Une société émirienne dirigée depuis la France peut être imposée en France via la requalification en établissement stable. Cette page expose les trois critères de l'article 209 I CGI et de la convention 1989, les jurisprudences clés, et les stratégies de prévention pour les dirigeants français à Dubaï.
Un dirigeant français qui crée une société aux EAU et continue à la diriger depuis la France expose celle-ci à une imposition à l'IS français sur les bénéfices générés à partir de la France. Ce risque, fréquemment sous-estimé, est l'un des plus redoutés par l'administration française dans les contrôles de structures émiriennes.
L'article 209 I du CGI dispose que les bénéfices passibles de l'impôt sur les sociétés sont déterminés en tenant compte uniquement des bénéfices réalisés dans les entreprises exploitées en France ainsi que de ceux dont l'imposition est attribuée à la France par une convention internationale relative aux doubles impositions.
L'expression « entreprises exploitées en France » est interprétée largement par la jurisprudence : elle vise non seulement les entreprises ayant leur siège en France, mais aussi celles qui y exercent une activité par l'intermédiaire d'un établissement stable, d'un agent dépendant, ou dont la direction effective se trouve en France.
L'article 5 de la convention bilatérale définit l'établissement stable selon le modèle OCDE : installation fixe d'affaires par l'intermédiaire de laquelle l'entreprise exerce tout ou partie de son activité (siège de direction, succursale, bureau, etc.). L'article 7 attribue le droit d'imposer les bénéfices à l'État de l'établissement stable.
L'article 4 § 3 de la convention complète : lorsqu'une personne morale est résidente des deux États, elle est réputée résidente de l'État où se situe son siège de direction effective.
C'est le critère le plus dangereux. La direction effective d'une société est, selon la jurisprudence du Conseil d'État, le lieu où sont prises les décisions stratégiques de gestion et de fonctionnement.
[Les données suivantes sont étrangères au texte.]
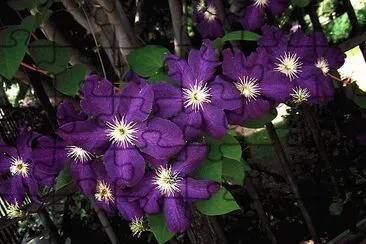 Purple Clematis on Fence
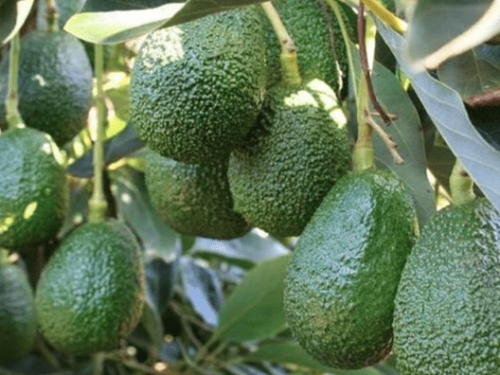 Industria argentina de palta crece con desafíos en industrialización y protección al productor
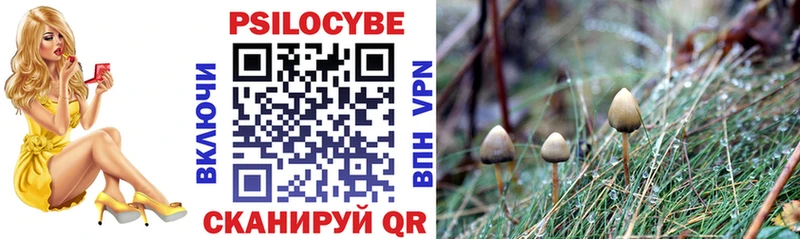Псилоцибиновые грибы GOLDEN TEACHER  купить наркотики цена  Кондрово 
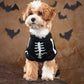 Luminous Skeleton Dog Costumes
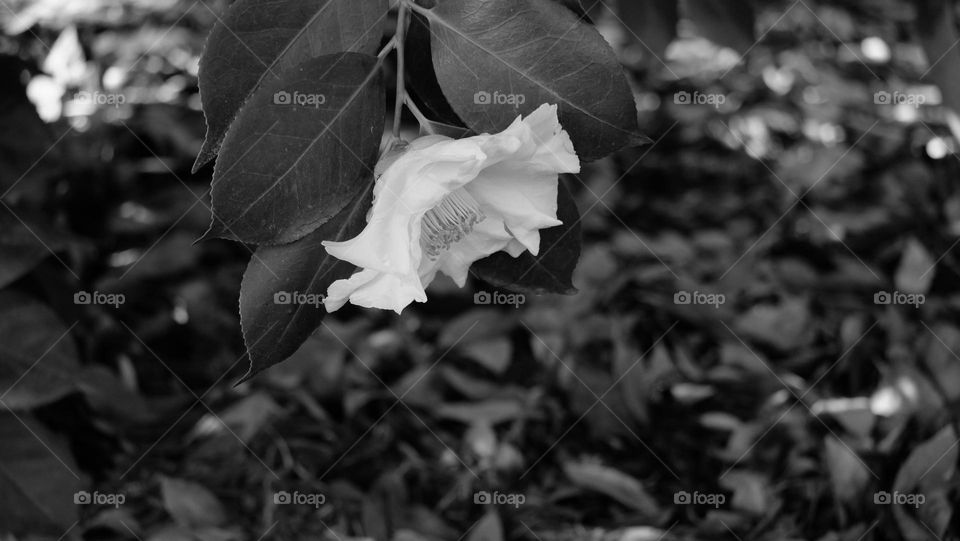 White rhododendron hanging from a branch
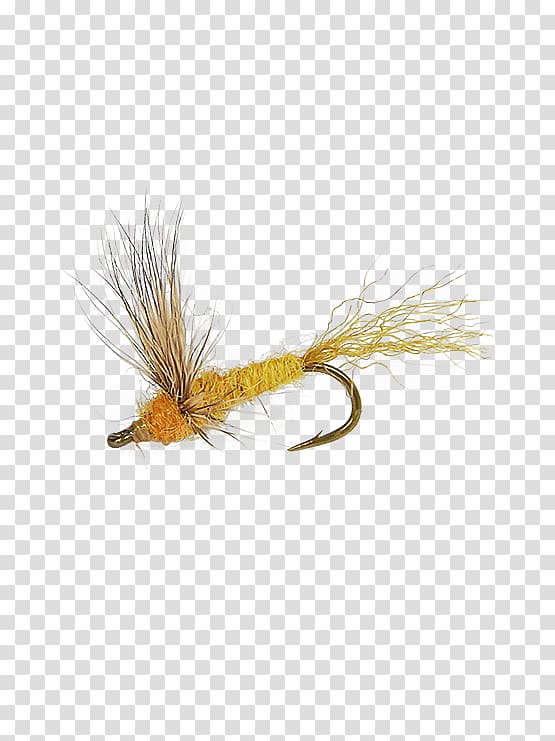 Fly fishing Hackles Sulfur Artificial fly, fly transparent background PNG clipart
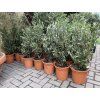 Olea europea - Olivovník, Keř, 70 cm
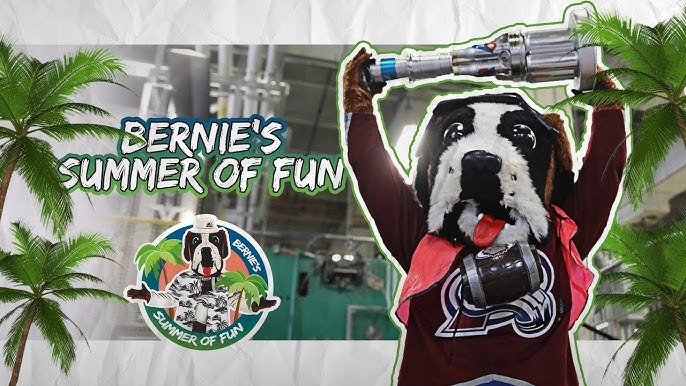 Colorado Avalanche 10 Reasons to Attend Games: Mascot Bernie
La résidence personnelle des dirigeants n'est qu'un indice, mais elle pèse fortement.
Si le dirigeant unique d'une société émirienne réside effectivement en France et y prend ses décisions (réunions board, échanges avec clients/fournisseurs, signature des contrats), l'administration française peut soutenir que la direction effective est en France, et que la société est résidente fiscale française au sens du droit interne et de la convention.
Une société émirienne qui dispose en France d'un bureau (loué ou détenu), d'un local commercial, ou même d'une simple adresse opérationnelle utilisée pour l'activité, peut être considérée comme ayant un établissement stable en France. La durée et la régularité de l'utilisation comptent (la simple location ponctuelle d'une salle de réunion ne suffit pas).
Si une société émirienne a en France un agent (salarié ou indépendant) qui dispose du pouvoir de conclure des contrats au nom de la société, et qui exerce habituellement ce pouvoir, la société est réputée disposer en France d'un établissement stable. L'agent dépendant est défini largement et inclut les personnes qui négocient et finalisent les contrats même sans signature formelle.
Si la société émirienne est requalifiée comme ayant un établissement stable en France :
— Les bénéfices attribuables à cet établissement sont imposés à l'IS français (25% pour les exercices ouverts à compter de 2022).
— Les distributions à l'actionnaire français peuvent être réimposées comme dividendes (avec retenue à la source au taux conventionnel).
— Des pénalités de 40% à 80% peuvent s'appliquer en cas de manquement délibéré.
— Le délai de reprise est étendu à 10 ans en cas de manquement délibéré.
Les family offices à structure mixte France-EAU sont particulièrement exposés. La pratique recommandée : (i) séparer les structures (holding émirienne pour les actifs offshore, structure française pour les actifs locaux) ; (ii) disposer d'une équipe dédiée à Dubaï pour la holding émirienne ; (iii) éviter les flux et décisions croisées sans documentation.